Co-op blinks first

By:
Louise Bowman
Published on:

Bondholders likely to take control of lender after heavy-handed management intransigence.

As an exercise in face-saving, Co-operative Bank chief executive Euan Sutherland’s recent comments on the UK bank’s restructuring take some beating.

“This is the first bank to be rescued and to survive as a standalone entity without taxpayer money,” he crowed in late October on the news that a deal with bondholders over the future capitalization of the bank had finally been agreed.

What he didn’t elaborate on was that this had only been reached after months of management hubris and intransigence over the situation the troubled lender finds itself in.

The Co-operative Bank, which is not a mutual but is wholly owned by the mutual Co-operative Group, announced a controversial restructuring earlier this year that sought to impose losses on bondholders, but not on shareholders.
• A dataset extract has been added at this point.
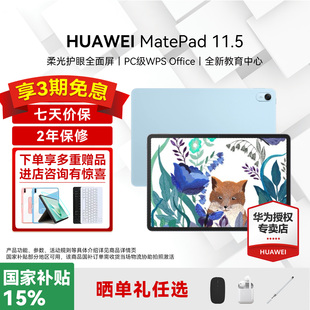 电脑柔光屏学生学习考研网课绘画办公ipad官网旗舰11.5s正品 11.5英寸2024新款 华为平板MatePad 限时补贴15%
This reversal of the basic creditor hierarchy proposed that a £1.5 billion ($2.4 billion) capital shortfall at the bank identified by the Prudential Regulation Authority should be filled with £500 million from bondholders via a debt-for-equity swap together with proceeds from the sale of assets and the issue of new debt.

To add insult to bondholder injury, the Co-op stated that its own £500 million contribution would be conditional on bondholders voting through the plan for a liability management exercise.

Having laid out this proposal, Co-op Group management subsequently refused to engage with bondholders, adopting a unilateral “take it or leave it” stance. In early September, Sutherland, having stated there was no Plan B other than nationalization, said that management would only engage with bondholders once the details of the debt-for-equity exchange were finalized.

The management would “engage with affected bondholders and preference shareholders at the right time”, he said.

Restructuring a bank is a messy business and this is not the way to go about it. Infuriated bondholders swiftly organized themselves into lobbying groups: one comprising lower tier 2 bondholders; CLS Holdings, which has 2% of the debt; and retail investors represented by Mark Taber.

Having built up a sufficient stake to block the original deal, lower tier 2 bondholders, led by activist hedge funds Aurelius Capital and Silver Point Capital, came up with an alternative plan that involves bondholders taking control of the bank. The management finally found the right time to engage with its creditors at the end of September, when it agreed to consider the bondholders’ plan. It is taking advice from Greenhill while Moelis is working with the bondholders.

The outcome of management’s brinkmanship is that bondholders are now set to control 70% of the Co-operative Bank with Co-operative Group reduced to a 30% shareholder. The tacit threat that the group would not inject new capital into the bank until its liability management exercise offer had been accepted by bondholders was aggressive and heavy-handed.

Compound this with the fact the capital hole is necessary because of bad real-estate lending (admittedly largely attributable to the Britannia Building Society acquisition), the abortive Project Verde attempt to acquire branches from Lloyds (which incurred the bank costs of £38.1 million in 2012 and £34.6 million in 2013) and evidence that £148.4 million of IT development costs incurred by a sister group company were charged to the bank, and the value to it of being owned by the mutual has to be called into question.

There might shortly be around 10 activist hedge funds with an important stake in this bank, something many of its customers find deeply unsettling.

Sutherland sought to allay these concerns when news of the bondholder deal broke. “We have embedded the Co-op’s values into the constitution of the bank,” he said.” That’s the reason the franchise is a success. The hedge funds get that.”

It is in everyone’s interest that management failures are not embedded into the constitution of the bank as well.